A brain drain for Ireland as economy buckles
“The economic crisis didn't just appear 'because of America,' as I've heard many-a supposedly educated person say. Our country is the way it is now because of the people in it. We created the mess,” he says.
“Mistakes were made, trusted professionals committed spectacular errors of judgment. Their legacy is there for all to see at the moment.”
Eoin recently got offered a job with FOX Soccer Channel as an anchor and reporter in Winnipeg. This Irish export will be broadcast nightly across the U.S. and Canada on FOX. Yet another Irish graduate that got away.
For many of us ex-pats the prospect of returning home to become another statistic in the dole queue is not very appealing.
Eimear graduated with a degree in journalism from Dublin City University and spent the last year living in New York City. She interned with a publishing house while in New York, and admits that the job market here in New York is also very competitive.
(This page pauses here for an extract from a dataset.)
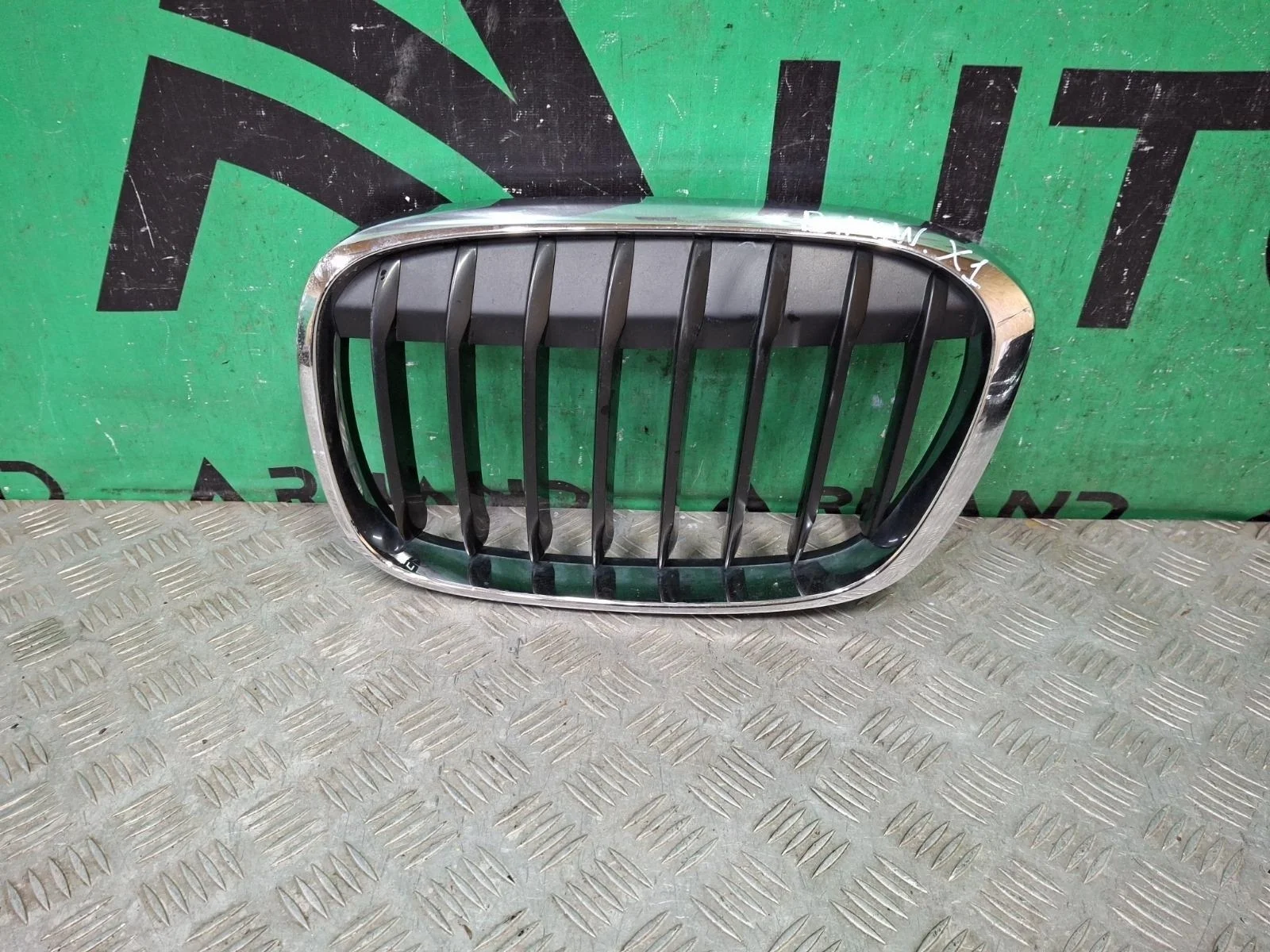 Решетка радиатора BMW X1 2015-2019 51117383363 F48, левая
“There's fierce competition for internships in New York, but there's also so many opportunities that it's hard to get disheartened -- there's always something else to apply for,” she feels.
“And there's so much variety that you can really specialize and do what you love. The flipside to the thriving internship culture is that paid jobs are really hard to come by.”
She recently returned home to Ireland. Not disheartened by the lack of career opportunities, she is currently job-hunting.
“Right now, I'm sending my CV everywhere -- publishing houses, arts organizations, bookshops. There isn't much being advertised but I'm hoping I'll just be lucky with timing,” Eimear says.
“I'll move anywhere in the country I can get a job. Next year, I hope to do an MA in creative writing.”
Due to the lack of job stimulus in Ireland, there is a common consensus among many of my Irish friends abroad that home has very little to offer us. I sincerely hope that this will change in the future.
So for now my five year plan is on hold. I’m content busing tables, pouring Cosmos and listening to Americans tell me about their Irish heritage when they order a Smithwicks.
In an Irish context, it seems that the next rung on my career ladder remains unattainable. My generation was fortunate enough to have been given access to world class education, to have grown up in the boom era but the country that gave us so much cannot provide us with the one thing we really need -- opportunity.